Going from the line that contains "Vintage Christian Dior" through the last line of the records, set down each line again exactly, both included, with pictures left out.

──────── Record extracts

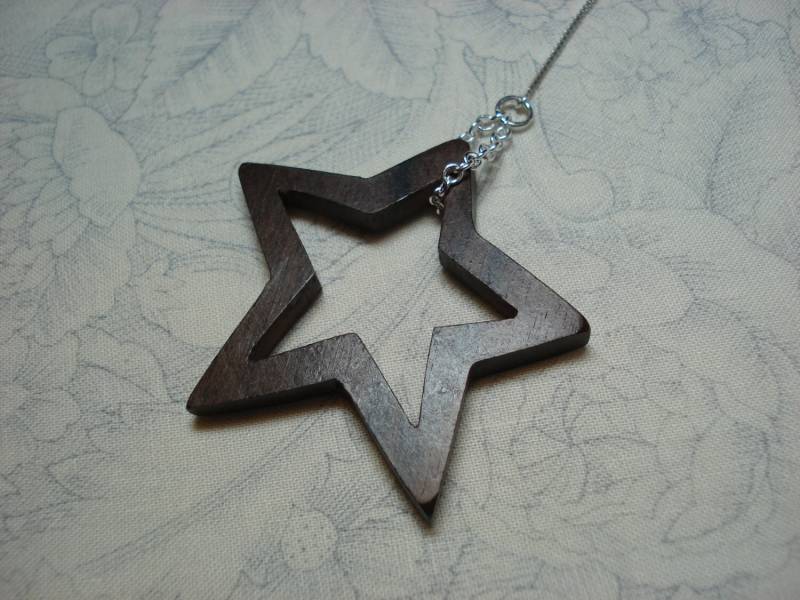 Große Leichte Holzsterne Auf Sterling Einfädler Ohrringe Oder Halskette-Ohr-Threads-Kostenloser Versand in Die Usa von LeasEarThreads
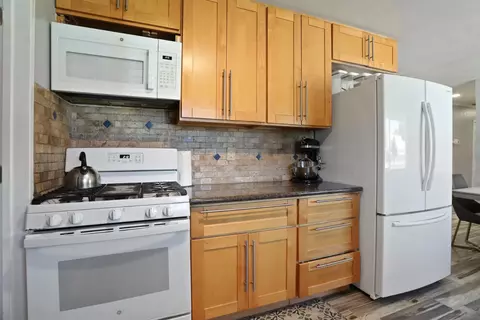 Kitchen - 42 C St, Galt, CA 95632 photo 3 of 4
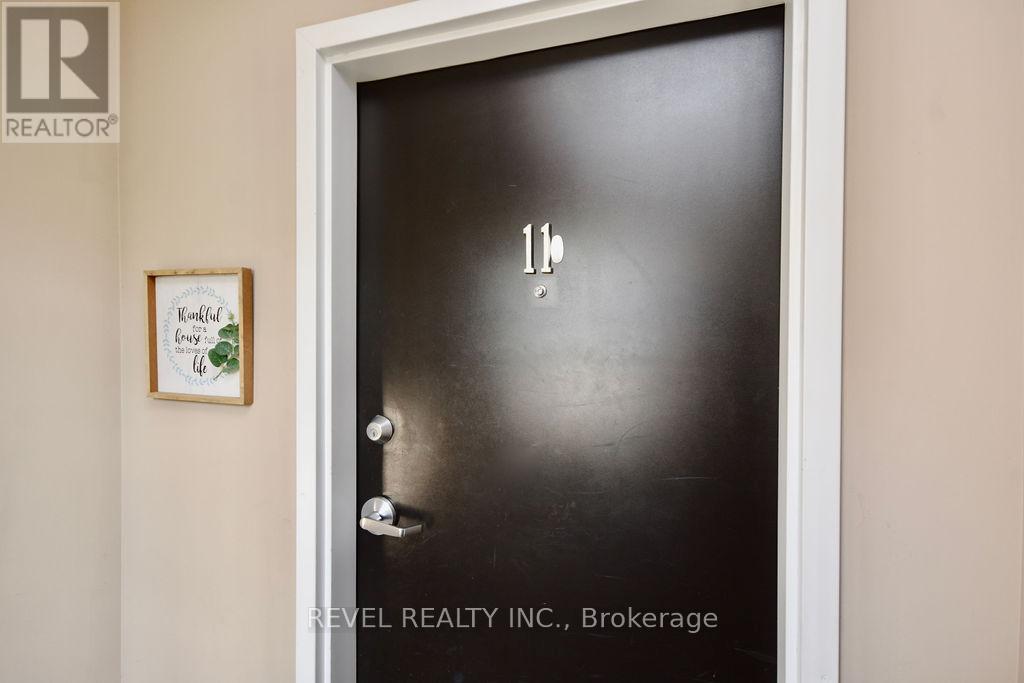 Property at 11 - 53 FERNDALE DRIVE S image 5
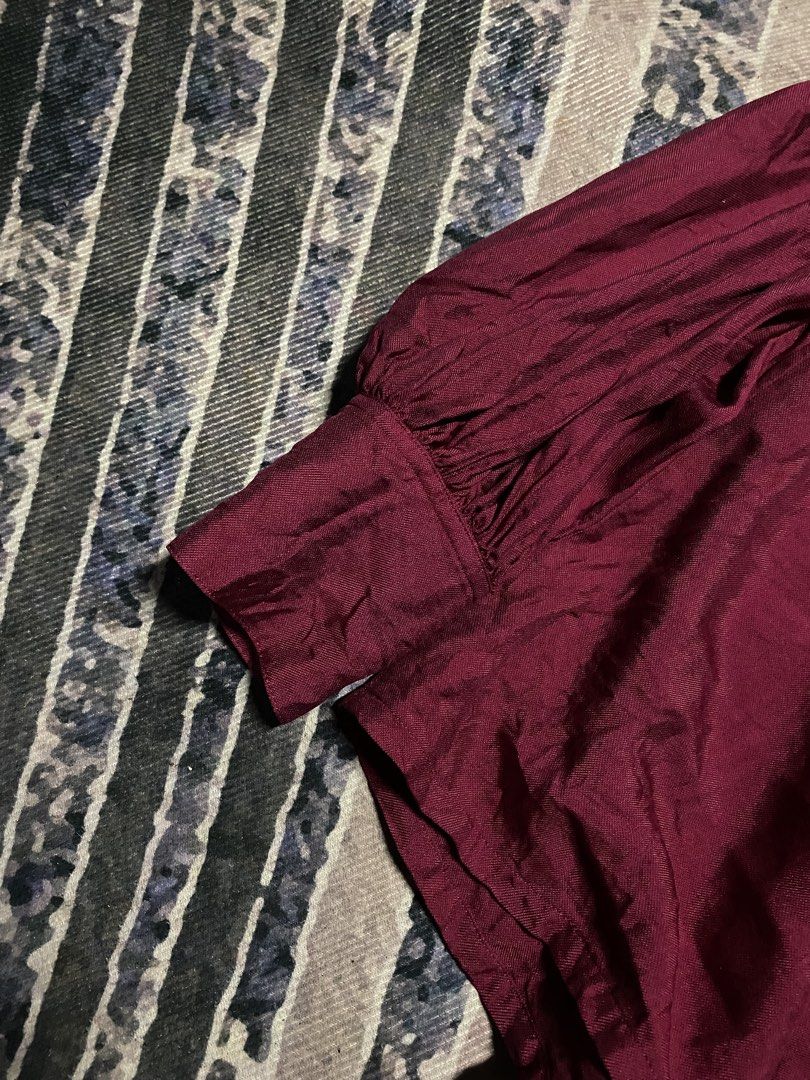 Vintage Christian Dior Top (Category: Others Tops) located in Goa. Submitted by _rawgallery (Listing ID 1462597900, Image 2). Description: issue : cut neck tag size on tag : s width : 20 length : 25.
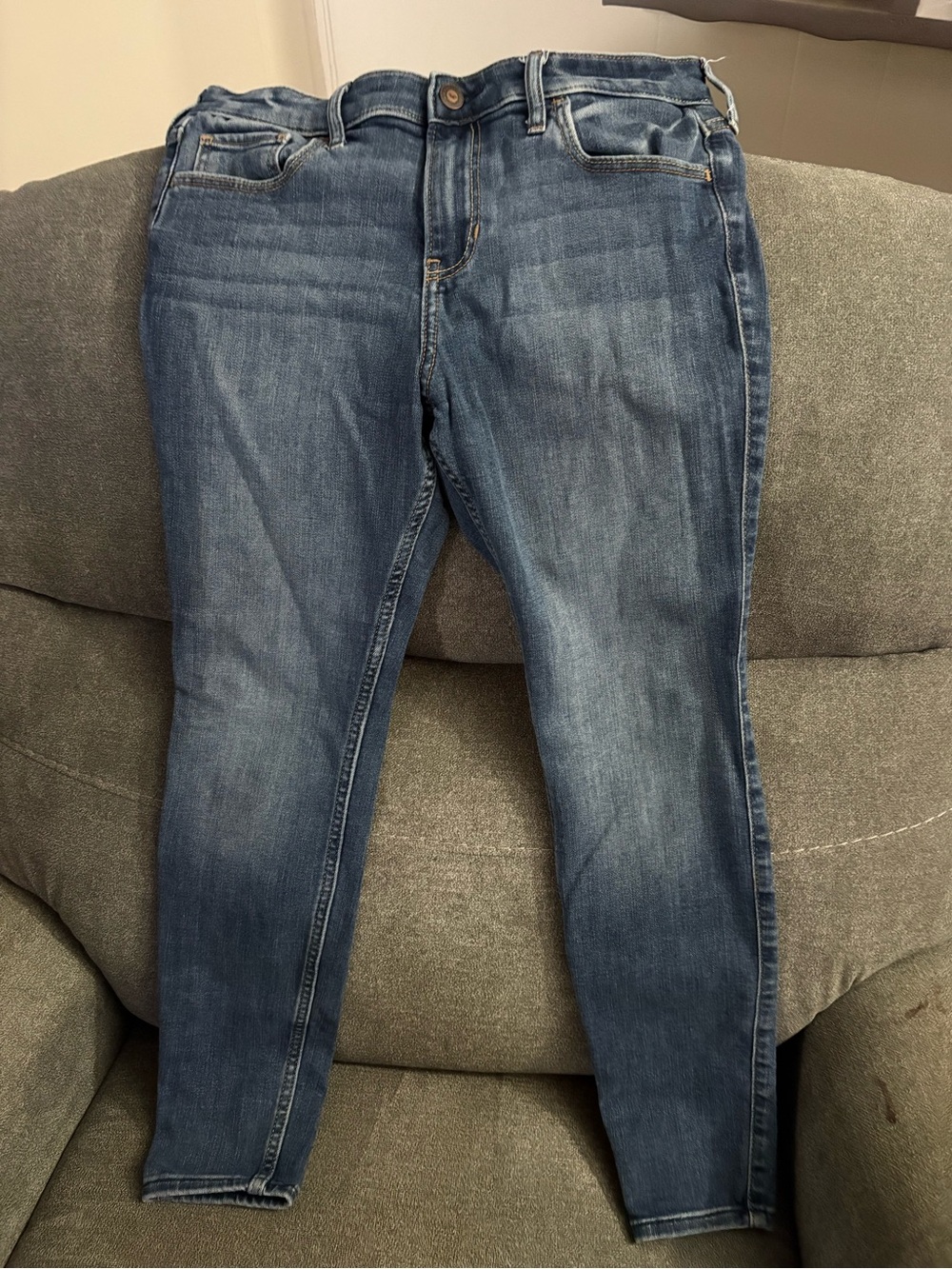 Hollister Women's Skinny Jeans in Medium Blue Wash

────────────────

◆ **Solution**
 Vintage Christian Dior Top (Category: Others Tops) located in Goa. Submitted by _rawgallery (Listing ID 1462597900, Image 2). Description: issue : cut neck tag size on tag : s width : 20 length : 25.
 Hollister Women's Skinny Jeans in Medium Blue Wash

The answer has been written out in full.